> _Collected material_
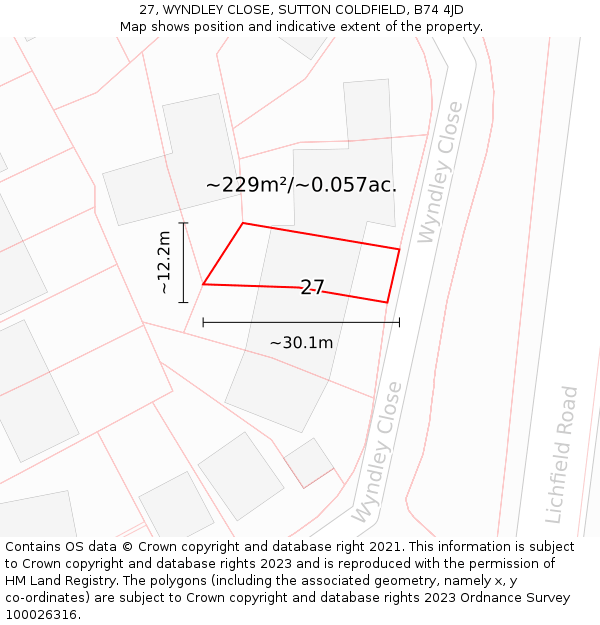 27, WYNDLEY CLOSE, SUTTON COLDFIELD, B74 4JD: Plot and title map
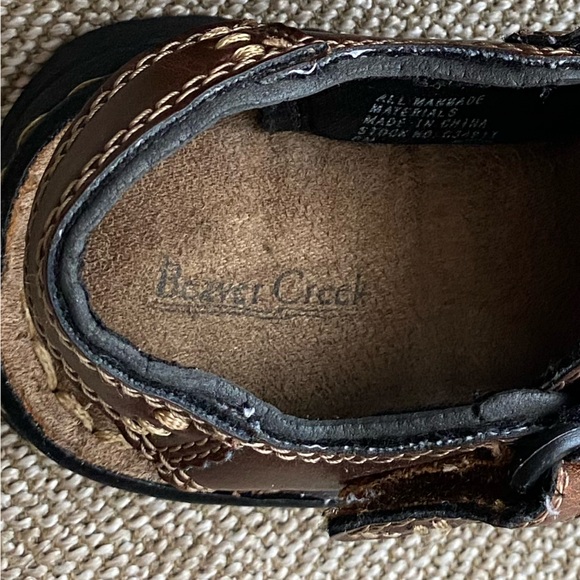 Little Boys Brown Open Toe Sandals with Velcro Closure. Woven Faux Leather. Sz 8 - Picture 5 of 10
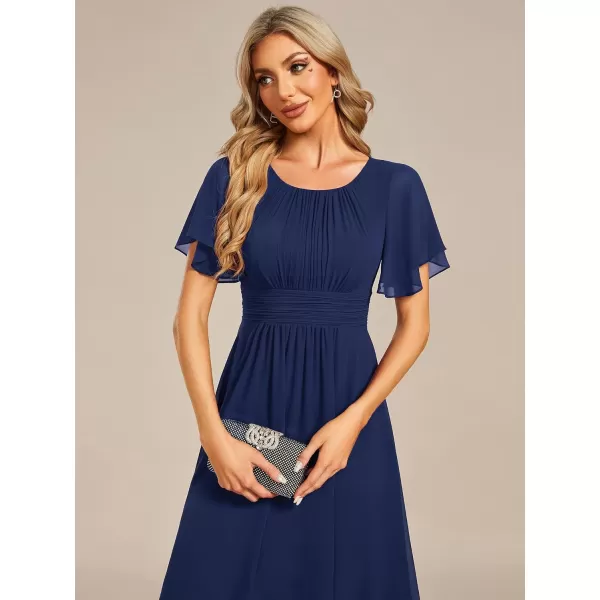 imageEverPretty Womens Crew Neck Pleated Waist Short Sleeve Wedding Guest Dress Chiffon Bridesmaid Dresses 02053Navy Blue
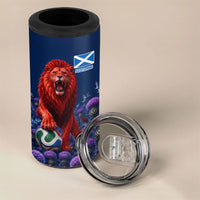 Personalized Scotland Red Lion Soccer 4 in 1 Can Cooler Tumbler Scottish Saltire Flag Purple Thistle Cheering Fans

> _Task to carry out_
Recopy the whole listing above precisely, excluding images.

> _Exercise output_
 27, WYNDLEY CLOSE, SUTTON COLDFIELD, B74 4JD: Plot and title map
 Little Boys Brown Open Toe Sandals with Velcro Closure. Woven Faux Leather. Sz 8 - Picture 5 of 10
 imageEverPretty Womens Crew Neck Pleated Waist Short Sleeve Wedding Guest Dress Chiffon Bridesmaid Dresses 02053Navy Blue
 Personalized Scotland Red Lion Soccer 4 in 1 Can Cooler Tumbler Scottish Saltire Flag Purple Thistle Cheering Fans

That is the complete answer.